Etre blasé est-il un signe de progression ?

L’équipe de Suisse a bouclé sa campagne comme on boucle une journée à l’usine en attendant 17h58 pour calculer les deux minutes que prend le déplacement jusqu’à la machine à badger. La qualification maintenant acquise, il reste à faire le bilan sur une campagne plate mais réussie si l’on accepte l’idée que seul compte d’être présent à l’Euro sans espérer y faire grand-chose. Même si les six mois qui nous séparent du tournoi nous permettent d’envisager l’éventualité d’une métamorphose extraordinaire.

Jetons tout d’abord un coup d’oeil furtif sur ces deux derniers matches (puisque c’est quand même de cela qu’il s’agit) : une victoire très large contre une des nations les plus faibles du monde grâce, notamment, à une cascade de penaltys et une victoire à l’arrachée sur un auto-goal. Dit comme ça, c’est certes un peu dur mais, en même temps, on le résumerait de cette façon s’il s’agissait d’une autre équipe que la nôtre. Sur le plan comptable c’est excellent, les victoires en matches officiels font grimper l’indice FIFA, qui permet de grappiller de meilleures places dans les tirages au sort et donnent une certaine aura. Sur le plan du jeu c’est une autre histoire. 

Soyons clairs. Oui, on s’en fout royalement de gagner en ne jouant pas comme le Barça, la question n’est pas d’avoir l’ambition de devenir un modèle esthétique européen (de toute façon avec une défense Djourou – Schär, ce ne sera jamais le cas). Mais gagner «avec la manière» rassure quand on pense à un potentiel avenir contre d’autres équipes légèrement plus menaçantes que l’Estonie ou Saint-Marin. Et sur cette campagne, difficile de se montrer extrêmement confiant dans un avenir immédiat. Ne serait-ce que par la situation générale des joueurs dans leur carrière individuelle, eux qui ont, pour la plupart, régressé soit en allant jouer dans des clubs moyens soit en accumulant les mauvaises prestations dans leurs équipes. Les deux matches contre l’Angleterre étaient, à ce sujet, tout à fait emblématiques. Comment espérer un quart de finale en phase finale comme le clament les dirigeants de l’ASF ?
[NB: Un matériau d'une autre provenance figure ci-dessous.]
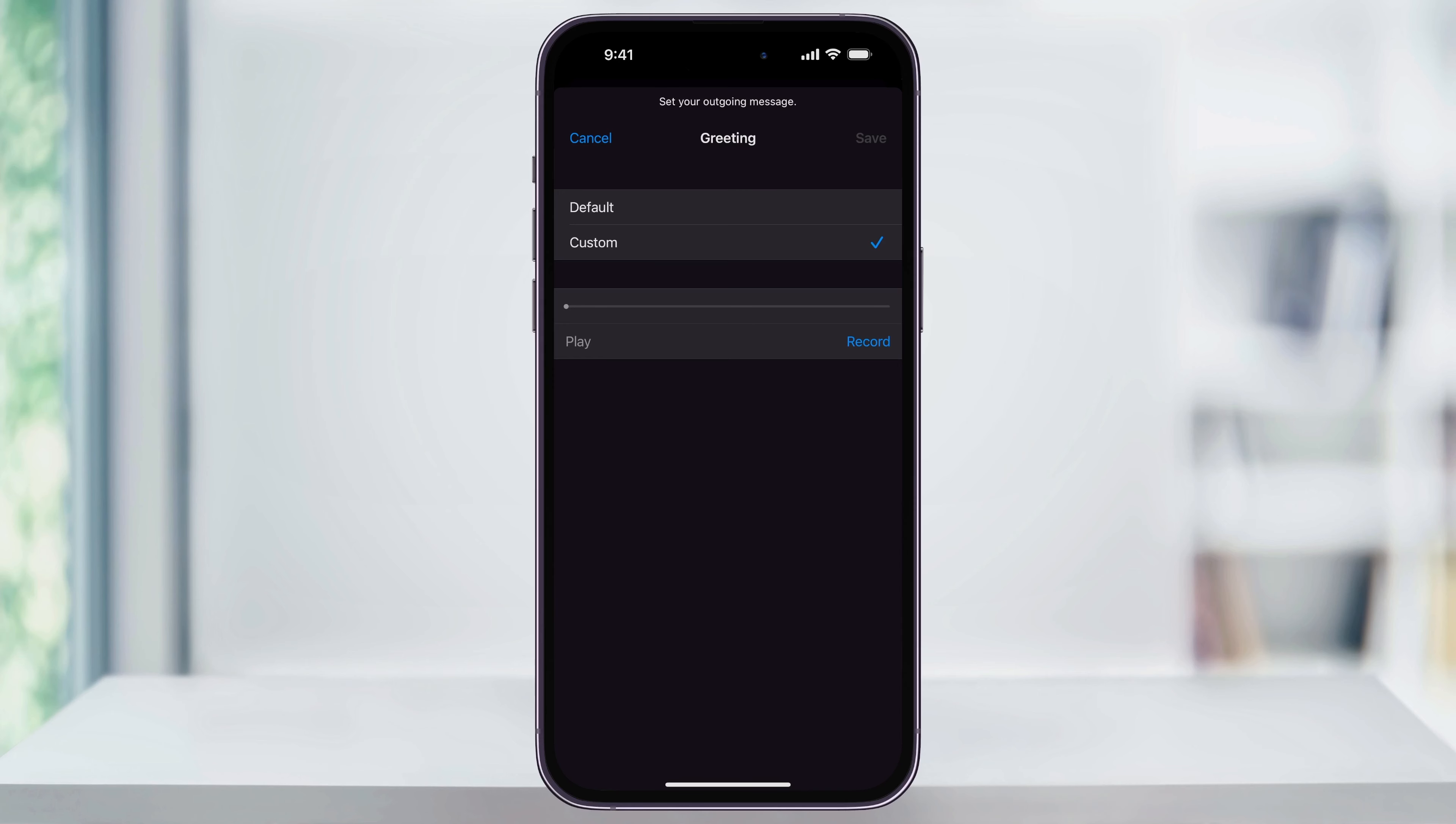If you'd rather just use the default Apple message, you can also switch this to default. And again, just make sure you hit save on the top right.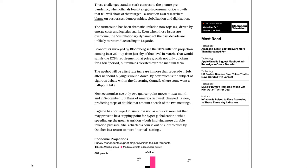Economists surveyed by Bloomberg see the 2024 inflation projection coming in at 2%, up from just shy of that level in March. That would satisfy the ECB's requirement that price growth not only quickens for a brief period, but remains elevated over the medium term.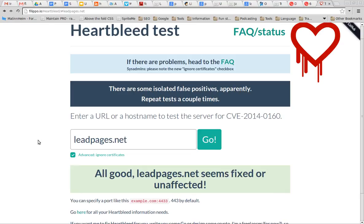If you want to test your site, run this test. If your website shows red or it notifies you that something's wrong, please update your server or get your hosting company to update the server. Thank you for watching this video, I hope it was helpful.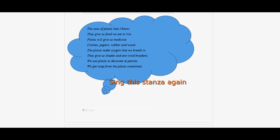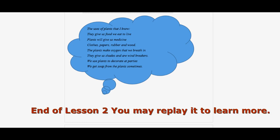The uses of plants that I know — they give us food we eat to live. Plants will give us medicines, clothes, papers, rubber, and wood. The plants make all the oxygen that we breathe in. They give us shade and windbreakers. We use plants to decorate at parties. We get soap from the plants sometimes.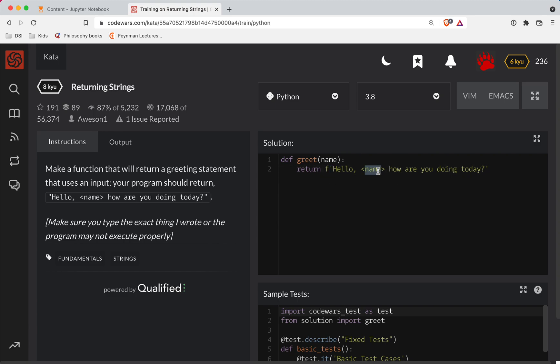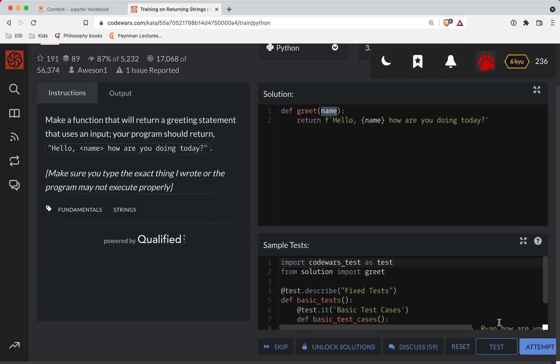instead of doing these angle brackets, if you turn those into curly brackets, you can interpolate whatever they put inside of the string there and that should work.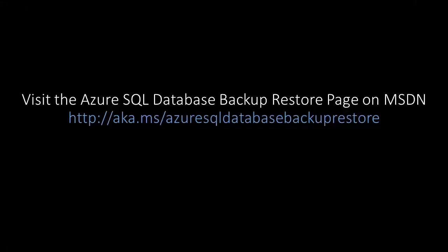To learn more visit the Azure SQL database backup restore page on MSDN. Thanks for watching.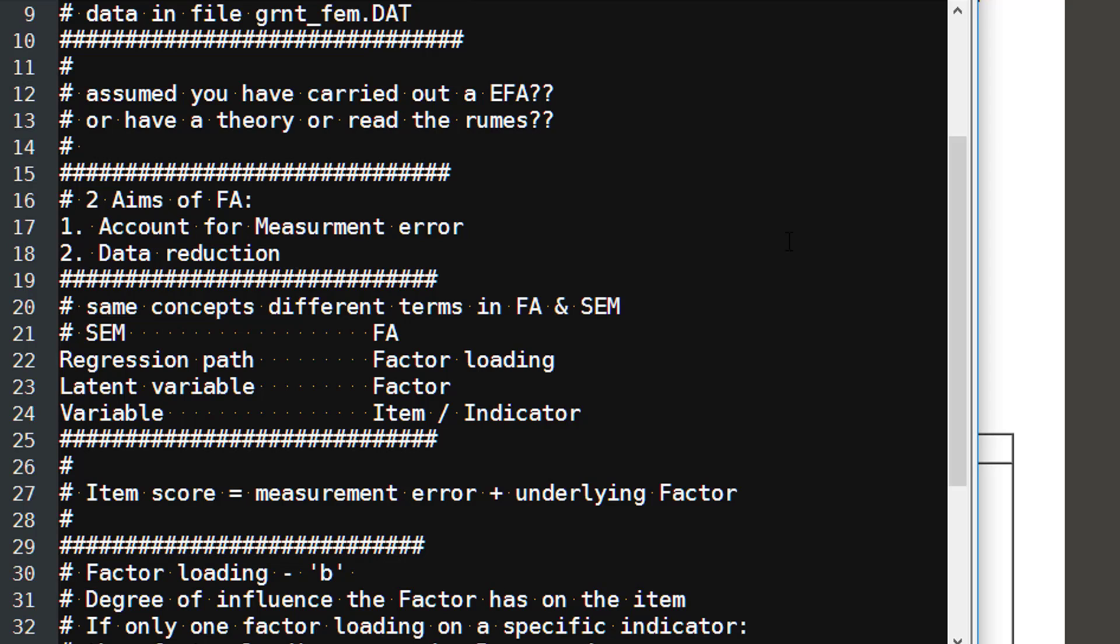The problem is factor analysis and SEM techniques have developed along really separate paths, and that means the same concept can have different terms in the two approaches. So in SEM, a regression path is called factor loading in factor analysis. In SEM, a latent variable is called a factor in factor analysis. And often in SEM where you just talk about observed variables, you mean in factor analysis an item or indicator.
Ceux-ci justement n’offrent pas non plus une image très rassurante lorsqu’on assiste aux discours très (très, très, très, très) retenus quant à Petkovic, l’homme dont on a l’impression que tout le monde veut se débarrasser maintenant que Lulu Favre est libre. Pour un peu, on se demande si un ratage lors de ces qualifs n’aurait pas fait plaisir à certains. Il ne se dégage pas un sentiment de grande solidarité au sein de la fédération. Alors que Hitzfeld se faisait qualifier de «Gott» quand la Suisse gagnait mais que les défaites n’incriminaient quasiment que les joueurs eux-mêmes, le pauvre Vladimir ne semble être digne d’aucun crédit pour son travail. Et, déjà, on sent que les pontes de l’ASF sauteront sur l’occasion si les matchs de préparation devaient ne pas se dérouler comme il faut (c’est-à-dire s’ils se déroulent exactement comme à l’époque de Hitzfeld). Un peu comme quand des types accoudés au bar observent du coin de l’oeil avec patience le groupe d’étudiantes à la table d’à côté en train de commander leur quatrième tournée de shots Malibu-caramel.

Sans doute que la qualification était simplement essentielle. Se retrouver dans le 50% de nations européennes qui ne participeront pas à cet Euro à 24 aurait clairement été un échec bien honteux et encore davantage destructeur pour l’avenir. Mais tout de même, à part quelques petites satisfactions (l’apport de Embolo et Moubandje, la chance d’avoir trois gardiens efficaces, des petits éclairs lorsque l’équipe décide de vraiment s’y mettre), on constate surtout une désastreuse incapacité offensive, des lacune défensives angoissantes et un manque de créativité général qui faciliteront sans doute grandement les analyses d’avant-match des futurs adversaires.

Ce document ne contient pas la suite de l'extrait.